[Opening DATASET ENTRIES section]

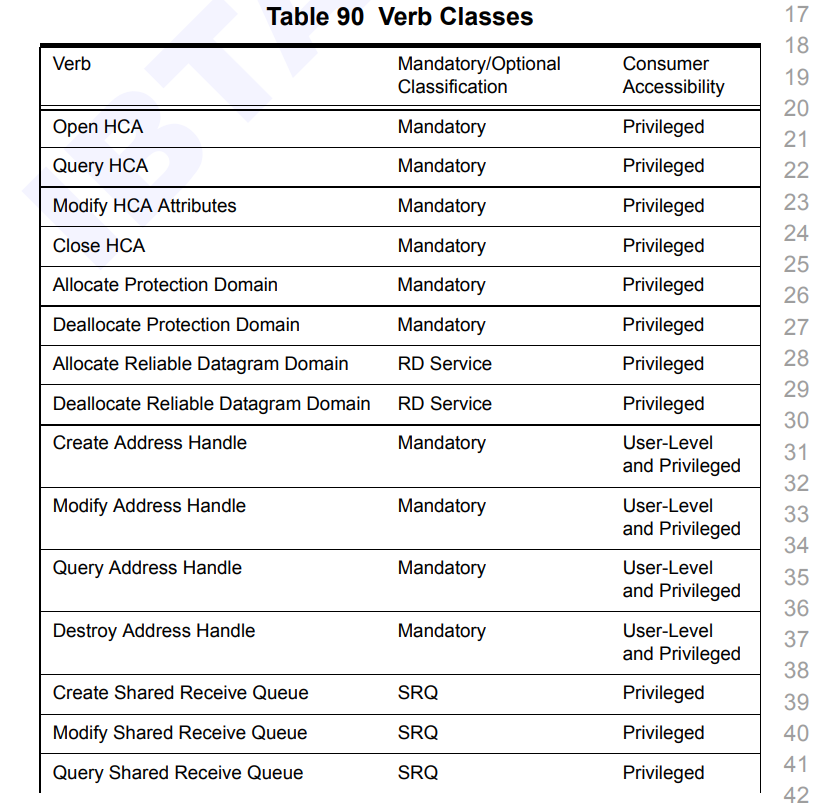 VerbClass1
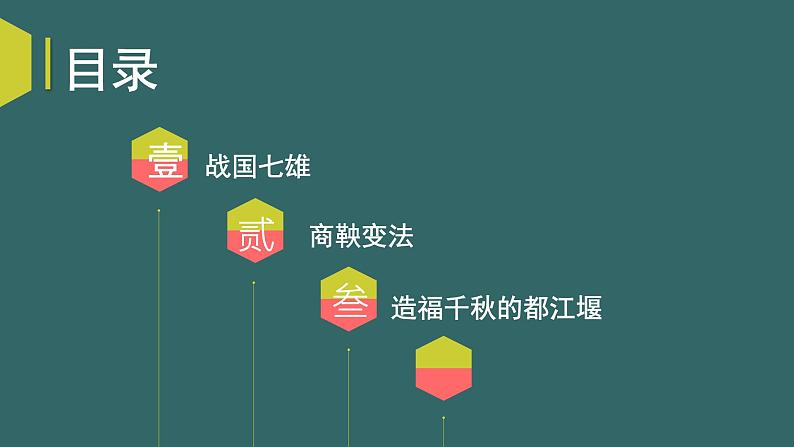 第7课 战国时期的社会变化 课件第3页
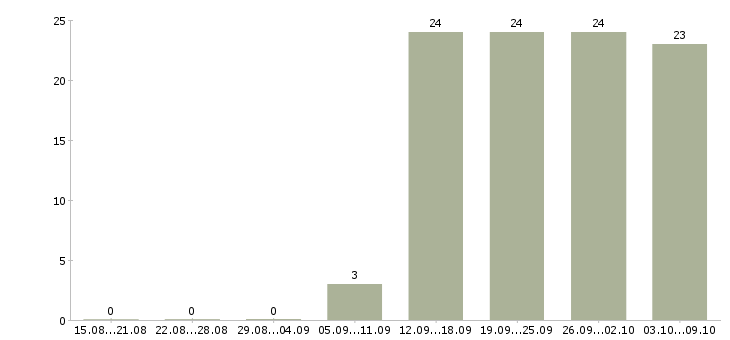 Работа менеджер ведущий в Иркутске - Число вакансий в Иркутске по специальности менеджер ведущий за 2 месяца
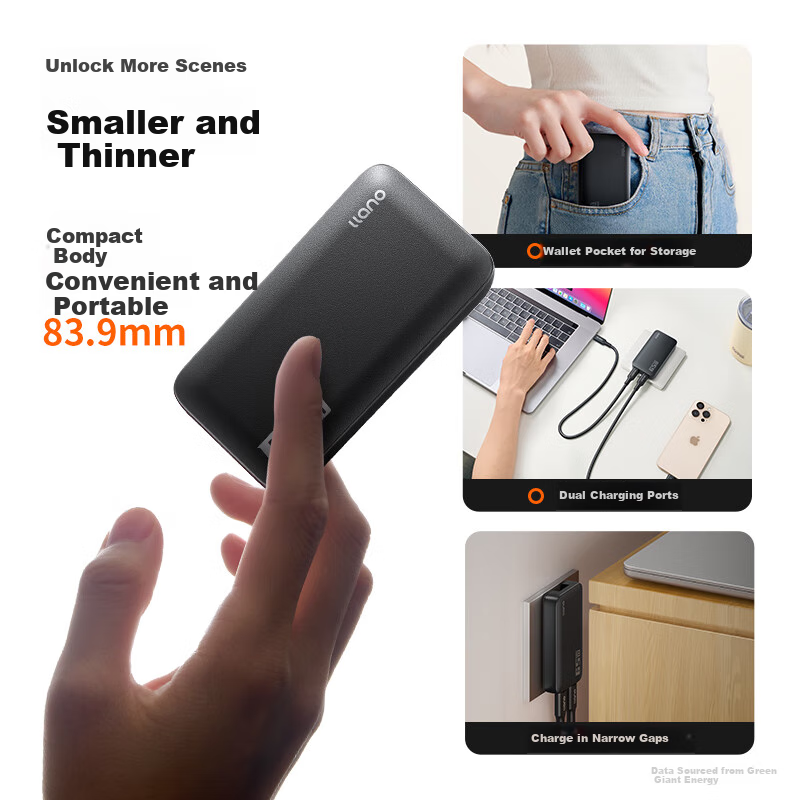 Llano 65W Dual-Port Slim Card-Style Charger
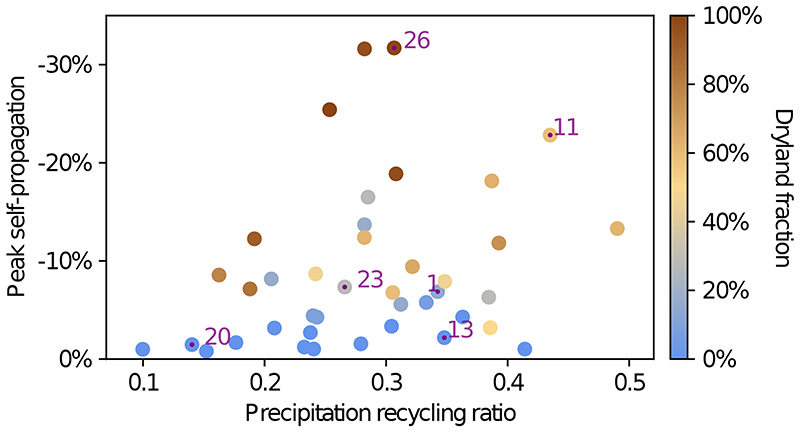 Extended Data Fig. 4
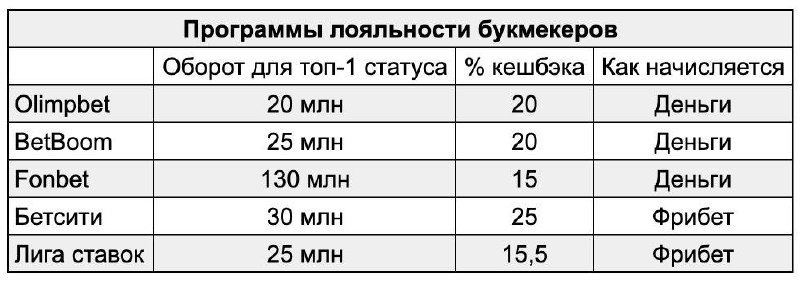 🤔 Где бы я сливал миллионы?
О программах лояльности БК | Сетка — социальная сеть от hh.ru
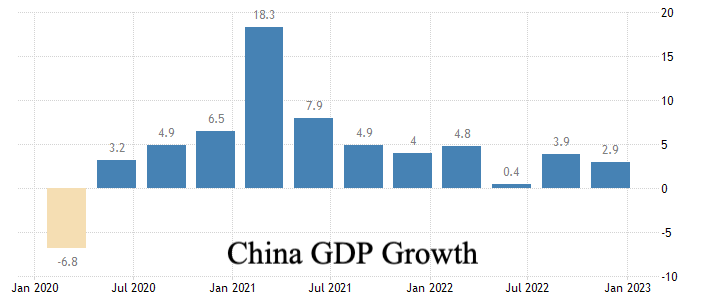 Bad News is Bad News Again - A few weeks ago, bad economic news was good news for markets, as it meant the Fed was winning in the battle over inflation taming.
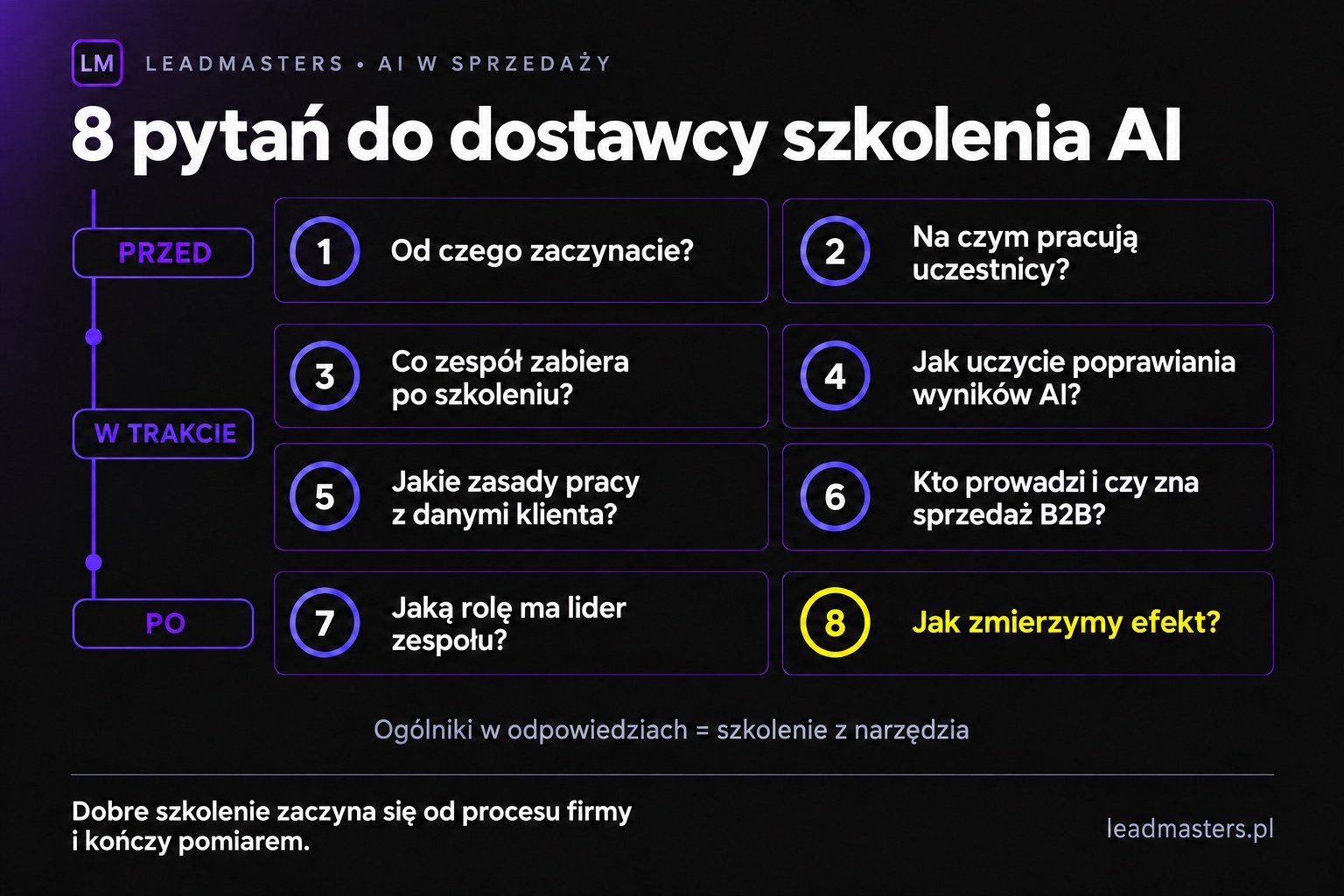Checklista wyboru szkolenia AI dla firm: osiem pytań do dostawcy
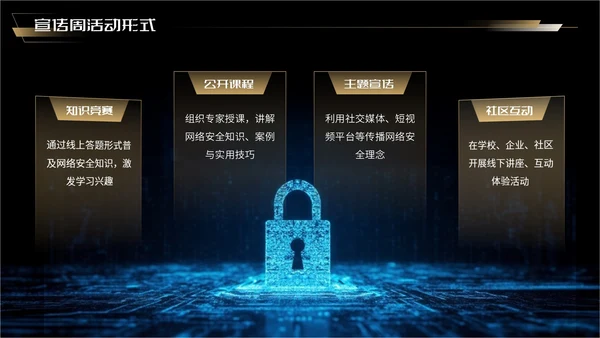 蓝金色科技风网络安全宣传周科普讲座PPT模板
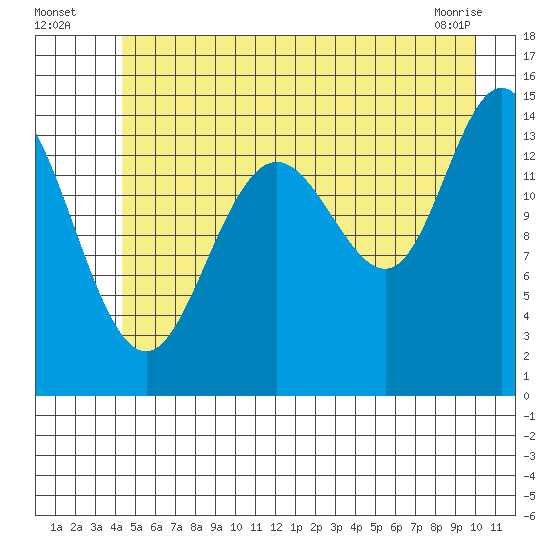 Muir Inlet tide chart for Wednesday, July 17, 2024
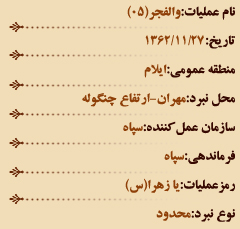 عملیات های هشت سال دفاع مقدس (بهمن ماه)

[Closing DATASET ENTRIES section]

PROBLEM TO SOLVE
Beginning with the line containing "Muir Inlet tide" and ending with the last line of the data above, repeat each line exactly. Include no pictures and no other lines.

SOLUTION FOR THIS TASK
 Muir Inlet tide chart for Wednesday, July 17, 2024
 عملیات های هشت سال دفاع مقدس (بهمن ماه)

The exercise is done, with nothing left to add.